Exercise materials:

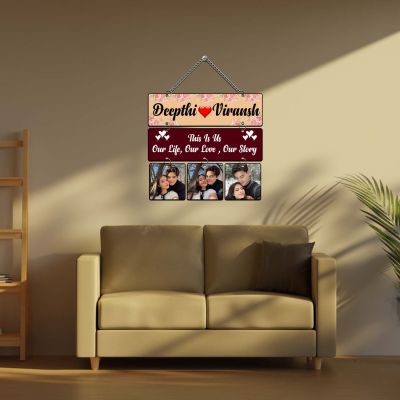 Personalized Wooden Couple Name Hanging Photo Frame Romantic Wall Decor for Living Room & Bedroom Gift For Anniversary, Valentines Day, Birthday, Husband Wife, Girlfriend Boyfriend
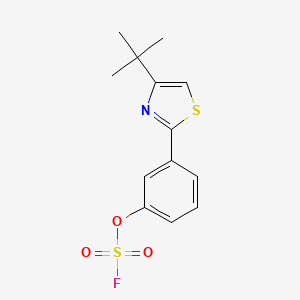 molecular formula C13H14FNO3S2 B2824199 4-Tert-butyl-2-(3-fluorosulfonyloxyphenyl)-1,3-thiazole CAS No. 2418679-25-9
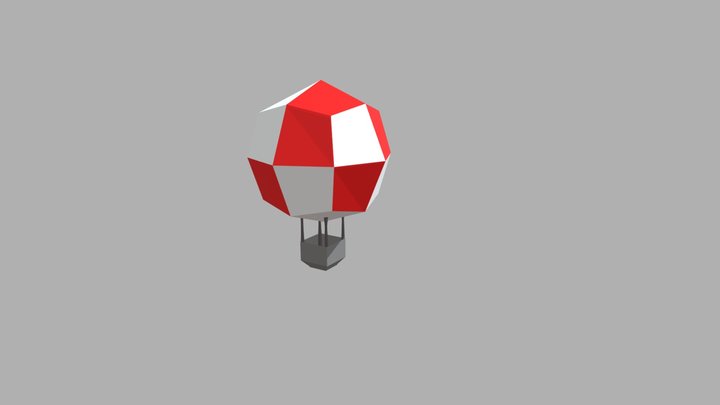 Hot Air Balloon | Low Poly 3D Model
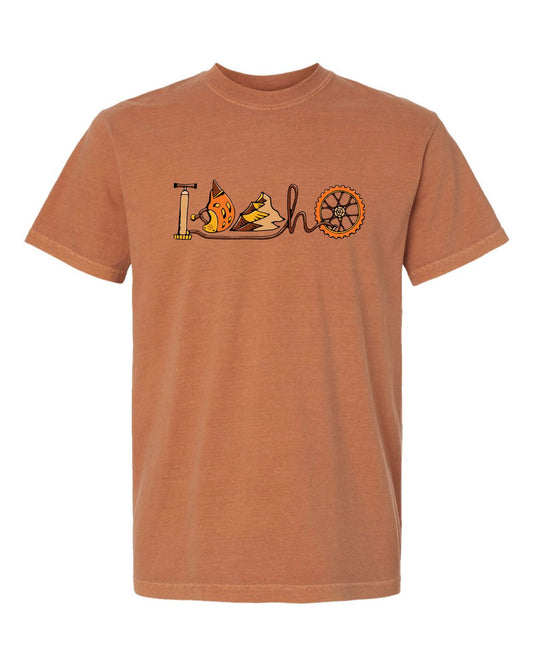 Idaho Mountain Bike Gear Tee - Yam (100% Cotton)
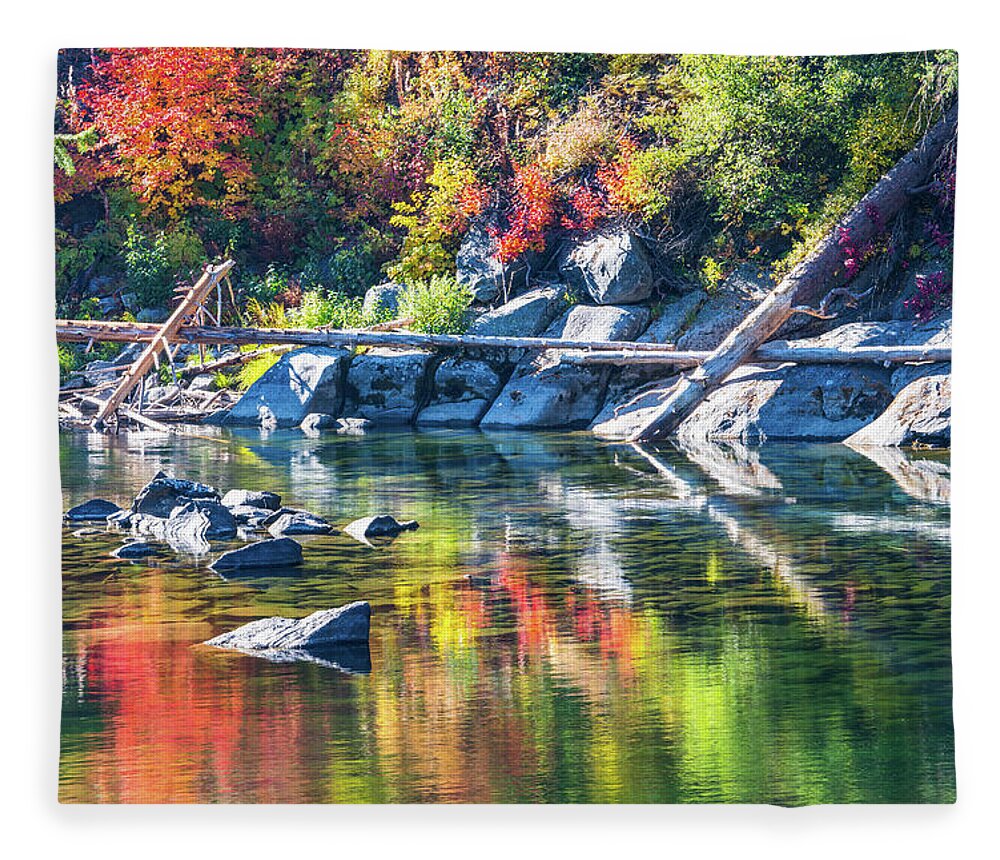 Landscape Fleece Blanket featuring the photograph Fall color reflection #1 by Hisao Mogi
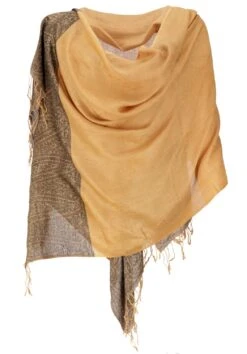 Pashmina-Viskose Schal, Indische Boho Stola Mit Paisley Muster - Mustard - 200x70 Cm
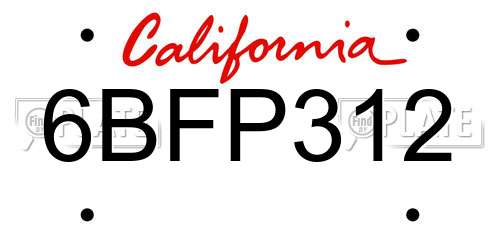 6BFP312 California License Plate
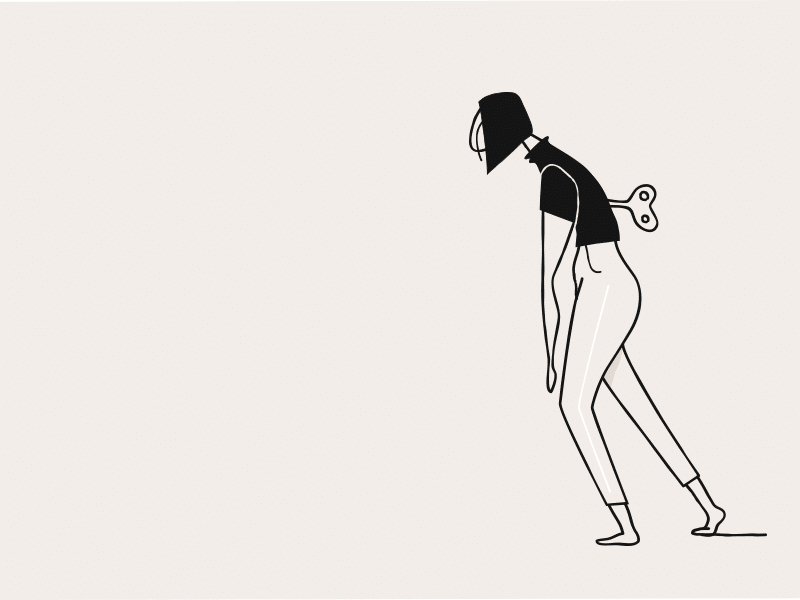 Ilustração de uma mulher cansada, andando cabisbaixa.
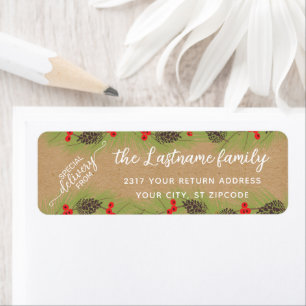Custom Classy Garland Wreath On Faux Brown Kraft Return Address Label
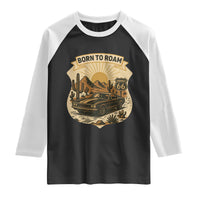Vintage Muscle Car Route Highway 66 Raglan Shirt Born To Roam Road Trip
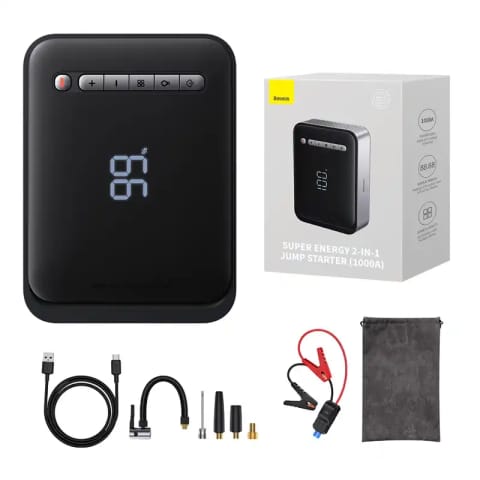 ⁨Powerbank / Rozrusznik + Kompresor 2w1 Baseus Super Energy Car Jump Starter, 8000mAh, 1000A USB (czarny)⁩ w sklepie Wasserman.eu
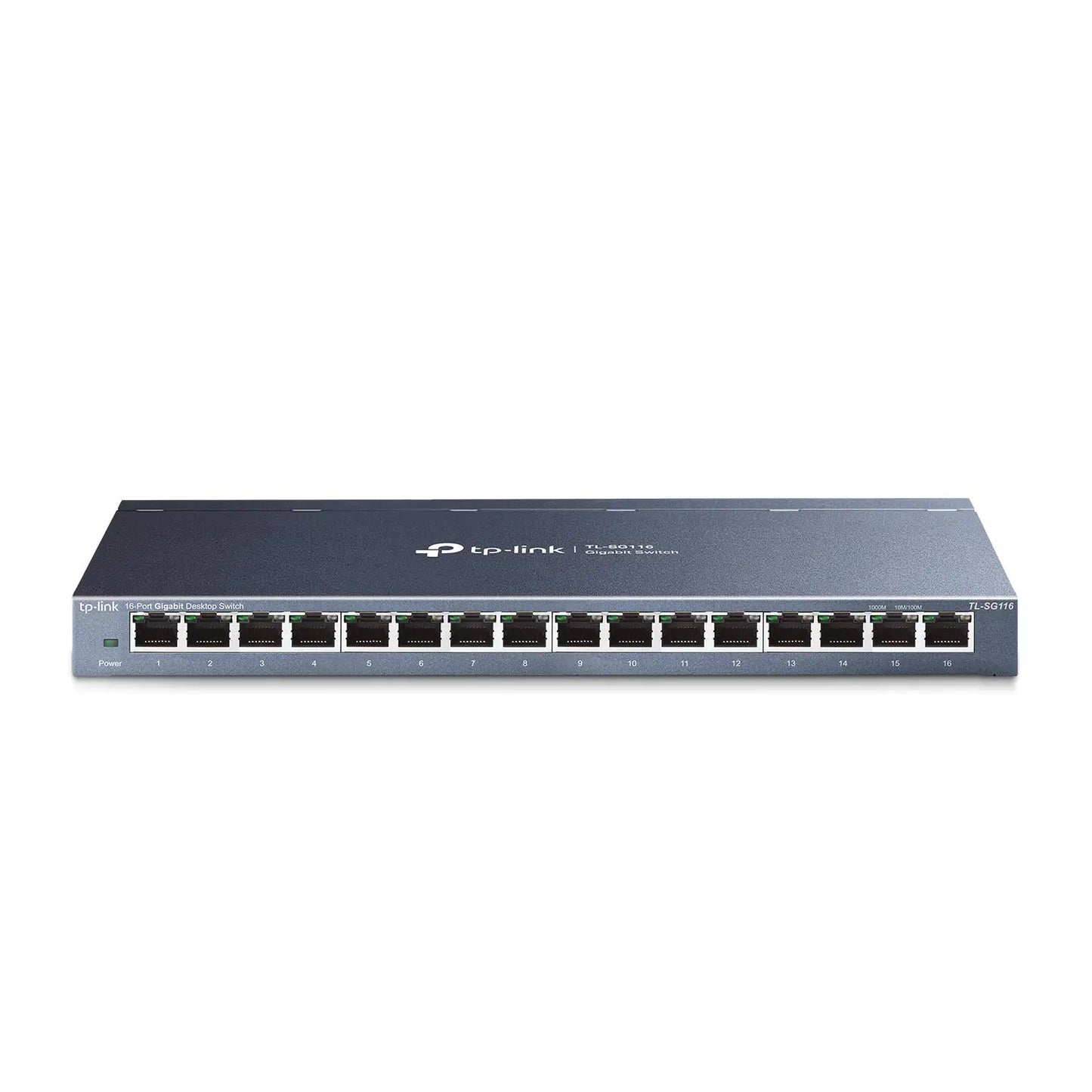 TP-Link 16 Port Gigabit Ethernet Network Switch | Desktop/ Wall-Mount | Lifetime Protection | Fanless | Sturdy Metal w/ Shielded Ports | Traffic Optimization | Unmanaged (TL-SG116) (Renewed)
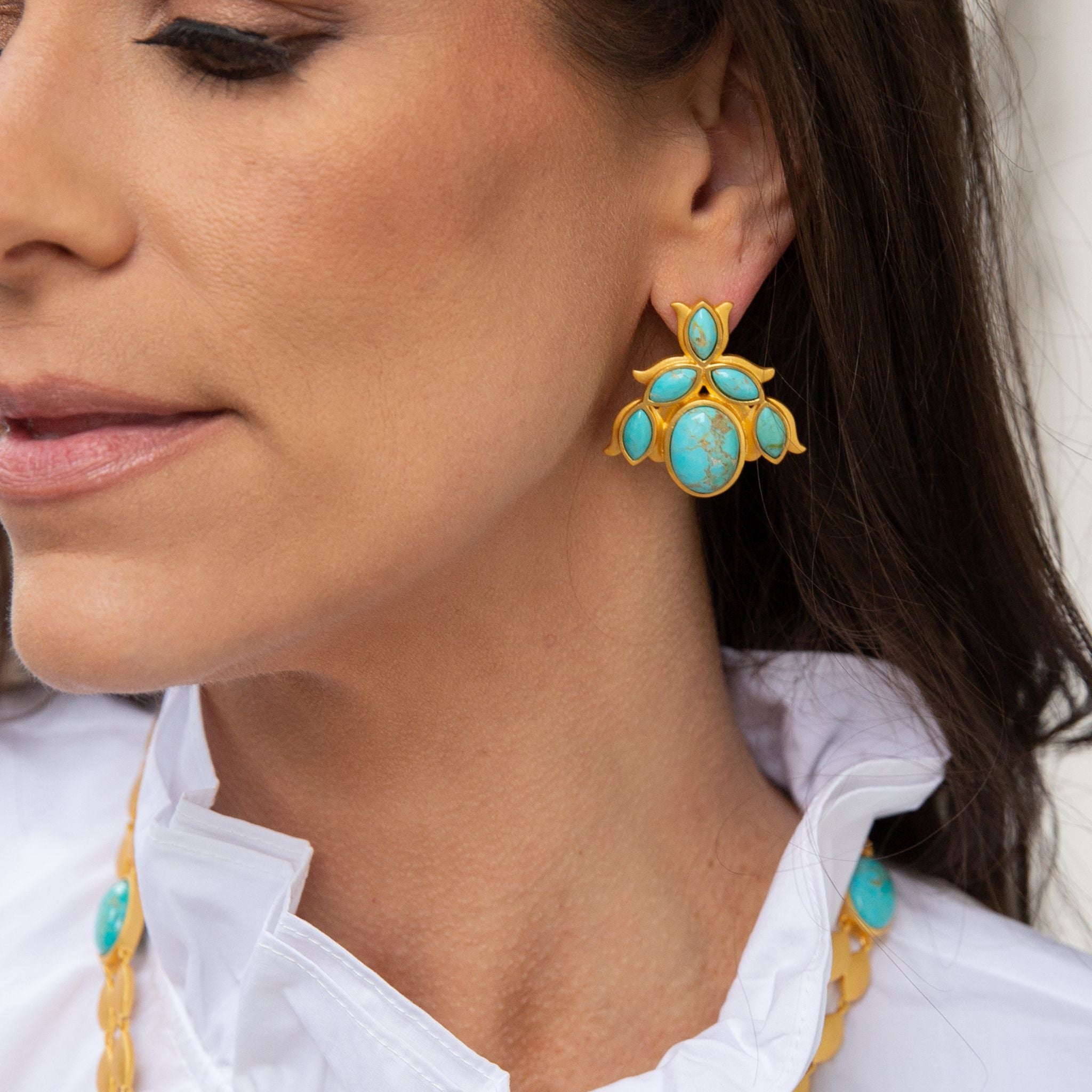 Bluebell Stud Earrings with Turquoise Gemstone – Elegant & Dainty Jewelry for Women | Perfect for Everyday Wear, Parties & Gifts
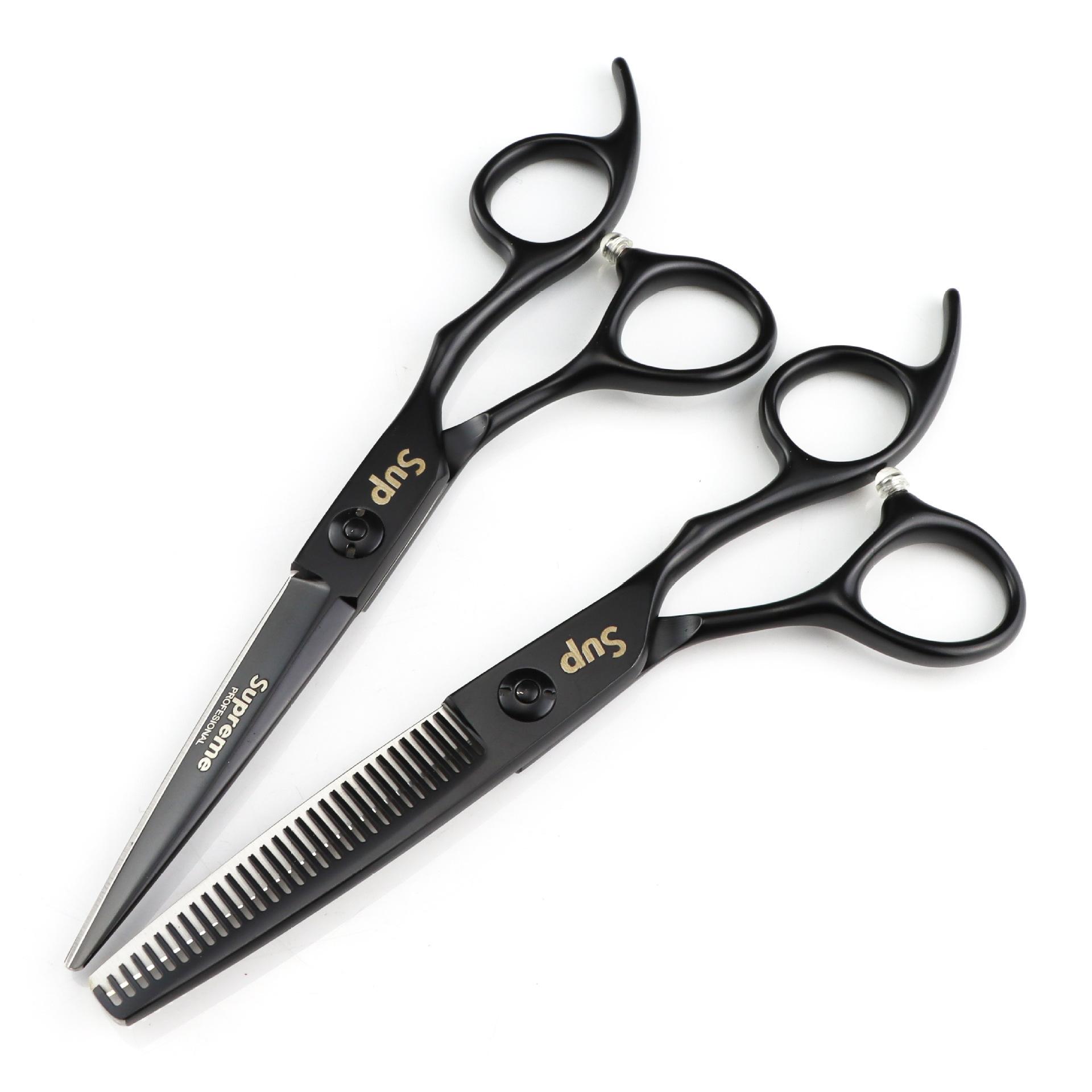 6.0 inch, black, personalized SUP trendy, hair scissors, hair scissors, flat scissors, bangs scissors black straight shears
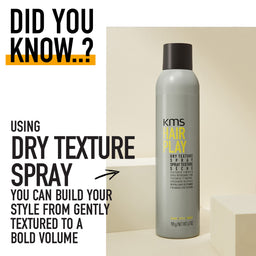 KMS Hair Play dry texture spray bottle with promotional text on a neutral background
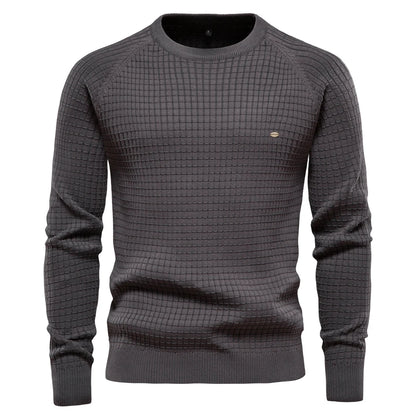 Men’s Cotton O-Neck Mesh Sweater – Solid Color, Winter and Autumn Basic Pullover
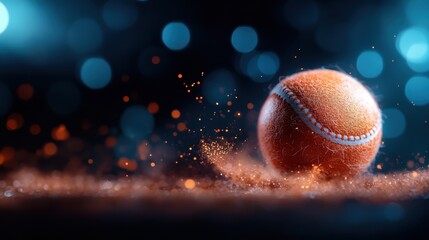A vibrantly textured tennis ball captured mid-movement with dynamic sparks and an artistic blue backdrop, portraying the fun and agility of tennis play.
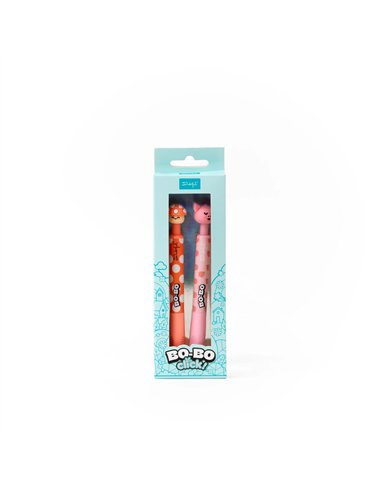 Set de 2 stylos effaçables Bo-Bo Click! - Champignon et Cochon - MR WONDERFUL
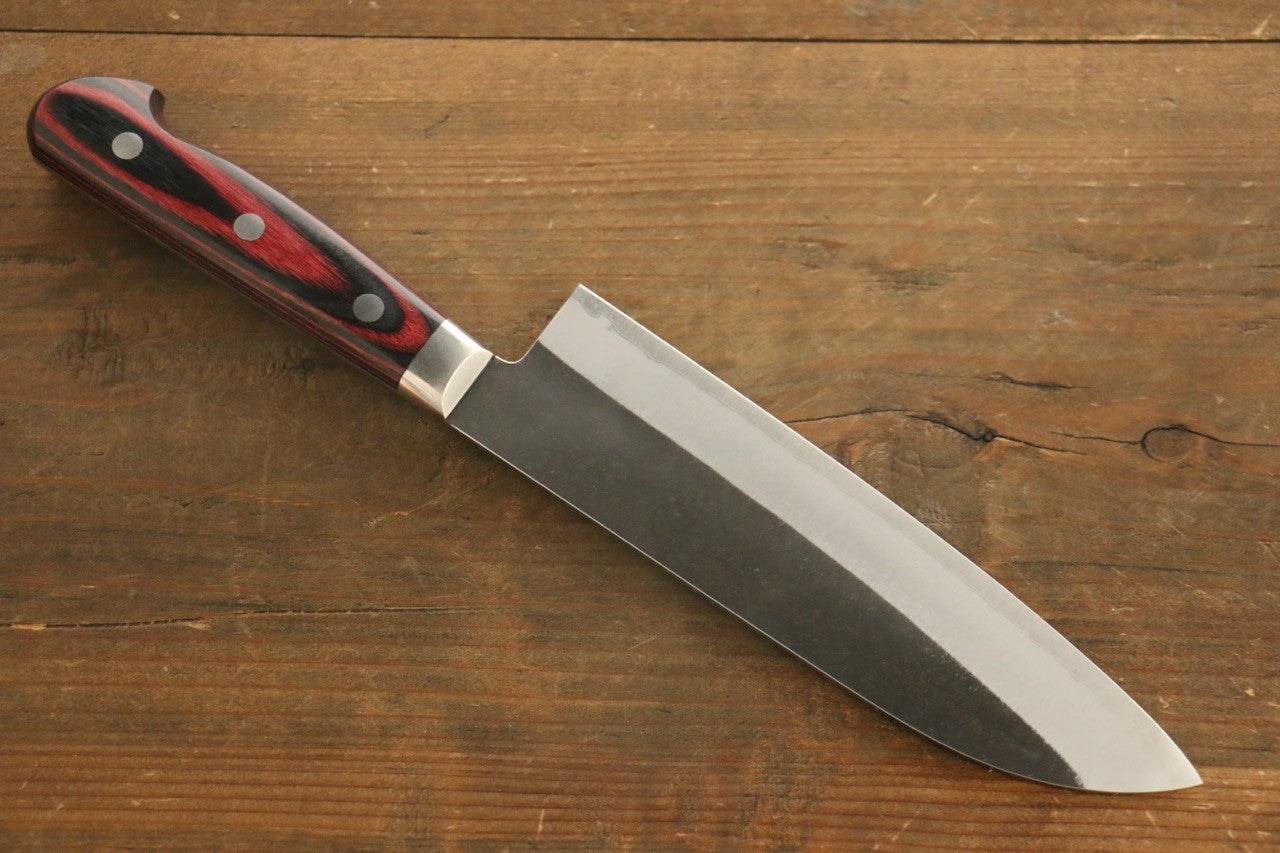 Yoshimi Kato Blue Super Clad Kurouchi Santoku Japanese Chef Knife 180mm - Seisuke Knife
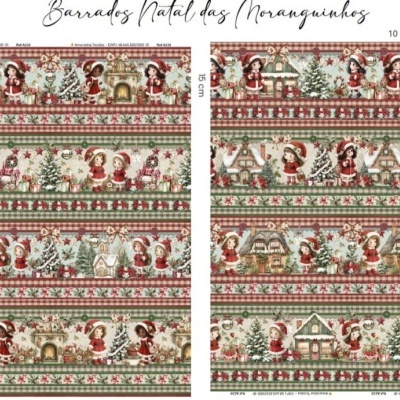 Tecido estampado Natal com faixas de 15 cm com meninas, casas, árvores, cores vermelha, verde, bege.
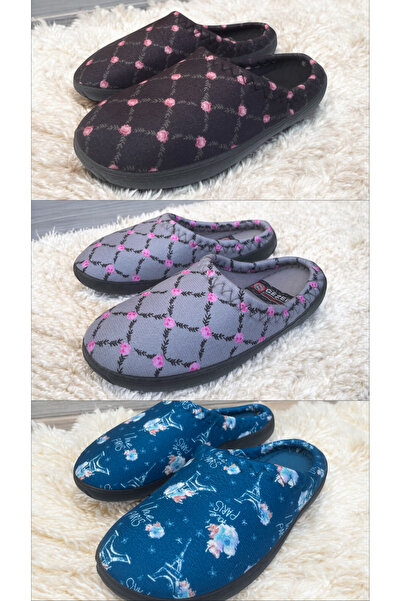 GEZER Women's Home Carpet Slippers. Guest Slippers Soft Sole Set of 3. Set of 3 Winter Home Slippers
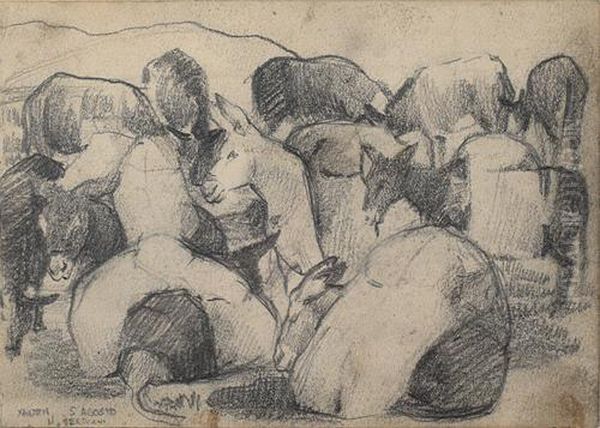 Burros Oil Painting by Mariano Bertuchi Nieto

Work order: Only the text of the records belongs in your answer, copied exactly as it appears above.

Final answer:
 Personalized Wooden Couple Name Hanging Photo Frame Romantic Wall Decor for Living Room & Bedroom Gift For Anniversary, Valentines Day, Birthday, Husband Wife, Girlfriend Boyfriend
 molecular formula C13H14FNO3S2 B2824199 4-Tert-butyl-2-(3-fluorosulfonyloxyphenyl)-1,3-thiazole CAS No. 2418679-25-9
 Hot Air Balloon | Low Poly 3D Model
 Idaho Mountain Bike Gear Tee - Yam (100% Cotton)
 Landscape Fleece Blanket featuring the photograph Fall color reflection #1 by Hisao Mogi
 Pashmina-Viskose Schal, Indische Boho Stola Mit Paisley Muster - Mustard - 200x70 Cm
 6BFP312 California License Plate
 Ilustração de uma mulher cansada, andando cabisbaixa.
Custom Classy Garland Wreath On Faux Brown Kraft Return Address Label
Vintage Muscle Car Route Highway 66 Raglan Shirt Born To Roam Road Trip
 ⁨Powerbank / Rozrusznik + Kompresor 2w1 Baseus Super Energy Car Jump Starter, 8000mAh, 1000A USB (czarny)⁩ w sklepie Wasserman.eu
 TP-Link 16 Port Gigabit Ethernet Network Switch | Desktop/ Wall-Mount | Lifetime Protection | Fanless | Sturdy Metal w/ Shielded Ports | Traffic Optimization | Unmanaged (TL-SG116) (Renewed)
 Bluebell Stud Earrings with Turquoise Gemstone – Elegant & Dainty Jewelry for Women | Perfect for Everyday Wear, Parties & Gifts
 6.0 inch, black, personalized SUP trendy, hair scissors, hair scissors, flat scissors, bangs scissors black straight shears
 KMS Hair Play dry texture spray bottle with promotional text on a neutral background
 Men’s Cotton O-Neck Mesh Sweater – Solid Color, Winter and Autumn Basic Pullover
A vibrantly textured tennis ball captured mid-movement with dynamic sparks and an artistic blue backdrop, portraying the fun and agility of tennis play.
 Set de 2 stylos effaçables Bo-Bo Click! - Champignon et Cochon - MR WONDERFUL
 Yoshimi Kato Blue Super Clad Kurouchi Santoku Japanese Chef Knife 180mm - Seisuke Knife
 Tecido estampado Natal com faixas de 15 cm com meninas, casas, árvores, cores vermelha, verde, bege.
 GEZER Women's Home Carpet Slippers. Guest Slippers Soft Sole Set of 3. Set of 3 Winter Home Slippers
 Burros Oil Painting by Mariano Bertuchi Nieto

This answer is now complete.